The Ch′in (221-207 BC) and Han (206 BC-AD 220) dynasties represent a critical era in the history of Chinese calligraphy. On the one hand, diverse types of brushed and engraved ancient and large seal scripts were unified into a standard form known as small seal script. On the other hand, the process of abbreviating and adapting seal script to form clerical script (which had emerged previously in the Eastern Chou dynasty) was finalized, thereby creating the universal script type of the Han dynasty. In the trend towards abbreviation and brevity in writing, clerical script continued to evolve and eventually led to the forms of cursive, running, and standard script. Since changes in writing did not take place overnight, transitional styles and mixtures of script types appeared in the chaotic post-Han period. This transformation over the ages gradually led to the establishment of set brush strokes and character forms.
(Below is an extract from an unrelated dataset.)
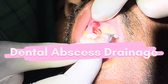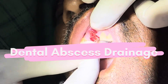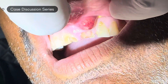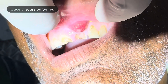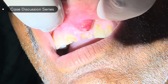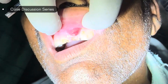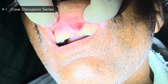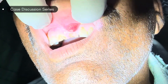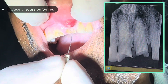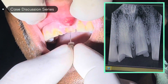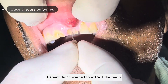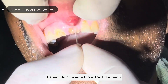Hello everyone, welcome to my channel Dentaletta. This patient reported to us with a huge gingival swelling and a periapical abscess. We decided to take an x-ray, and based on the findings from the x-ray, we started the access opening.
The Sui (581-618) and T′ang (618-907) dynasties represent another crucial period in Chinese calligraphy. Political unification brought calligraphic styles of the north and south together as methods of brushwork were formulated. Starting from this time, standard script would become the universal script type of the land. In the Sung dynasty (960-1279), the tradition of making engraved modelbook copies became popular as a way to preserve works of the ancient masters. Sung scholar-artists, however, were not satisfied with just following tradition, because they considered calligraphy also as a means of creativity and personal expression.
Yüan dynasty (1279-1368) revivalist calligraphers, in their pursuit of antiquity, developed classical Chin and T′ang traditions even further. At the same time, notions about artistic freedom and liberation from rules also gained momentum, becoming a main trend in Ming dynasty (1368-1644) calligraphy. Among the diverse manners of that period, semi-cursive script is noted in particular for an elegant freedom that contrasts with more conservative manners. Ming calligraphy thus stands out for the development of individual styles that extend beyond current trends.
Starting in the Ch′ing dynasty (1644-1911), scholars increasingly turned to works of seal and clerical script that were discovered from China’s ancient past. In their studies and adaptations of these authentic works, scholars created a school of calligraphy that complemented that of modelbook writings. Thus, they formed yet another link between past and present in their approach to tradition, which has been the source of much creativity and personal expression in Chinese calligraphy through the ages.